That is exactly what happened here.

Actually, this is in dispute, and the dispute was resolved in favor of Vizzi. The Vizzis only received a "Windsor Park Declaration" relating to the specific sub-part of the community they lived in, and allege that they never received a copy of the "Eagles Master Declaration," a document covering the larger set of communities, years after their purchase. This is, sadly, all too common.

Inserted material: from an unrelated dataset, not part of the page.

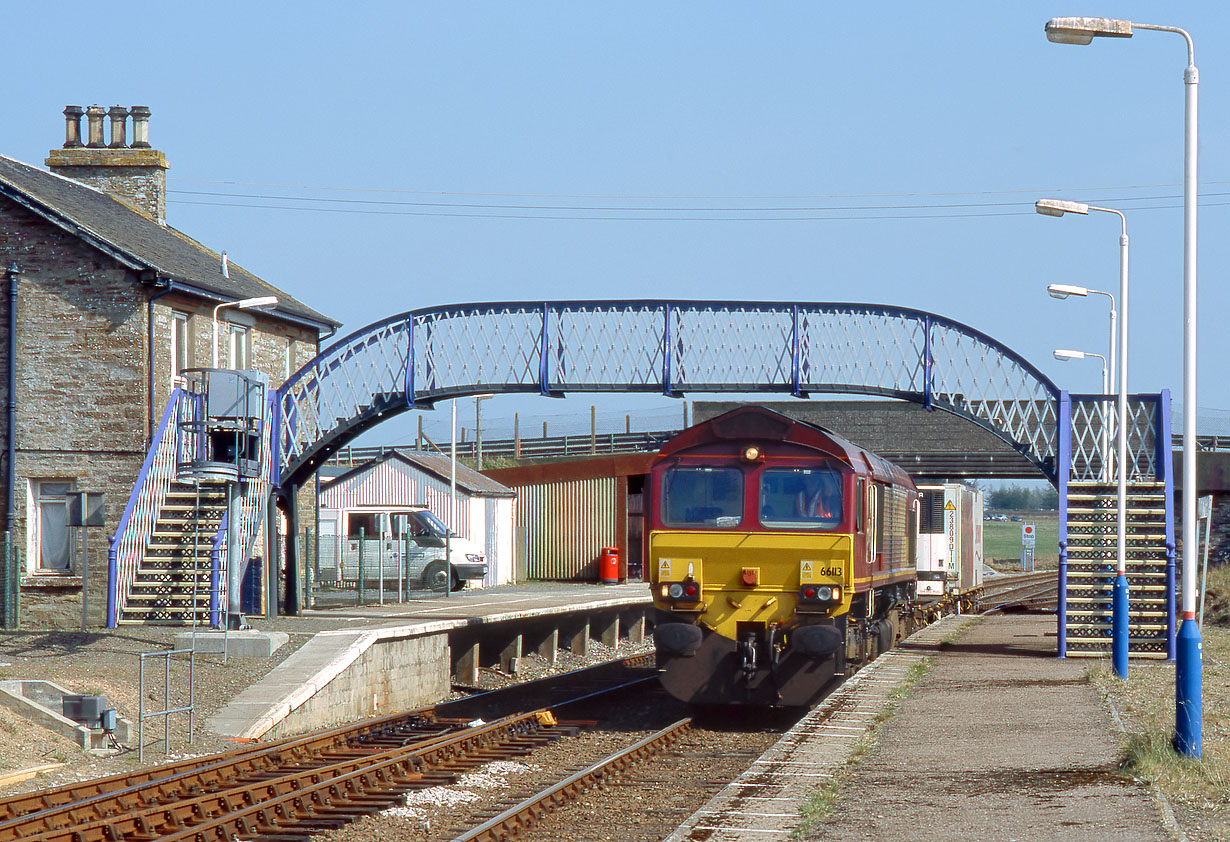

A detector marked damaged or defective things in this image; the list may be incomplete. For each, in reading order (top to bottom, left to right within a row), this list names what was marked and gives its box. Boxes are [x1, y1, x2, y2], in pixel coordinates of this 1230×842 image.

rusted rail [450, 716, 692, 840]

This was found by the court in this case to be undisputed. Therefore, they were not on notice.

The rules he bought into were the ones he was actually provided a copy of and upon which he conditioned his purchase of the home. ... Incidentally, it is NOT the HOA in charge of Windsor Park Association, where he lives, which is attempting to enforce this agreement against him. It is an upper level HOA, in charge of the entire set of communities, which is attempting to enforce it against him.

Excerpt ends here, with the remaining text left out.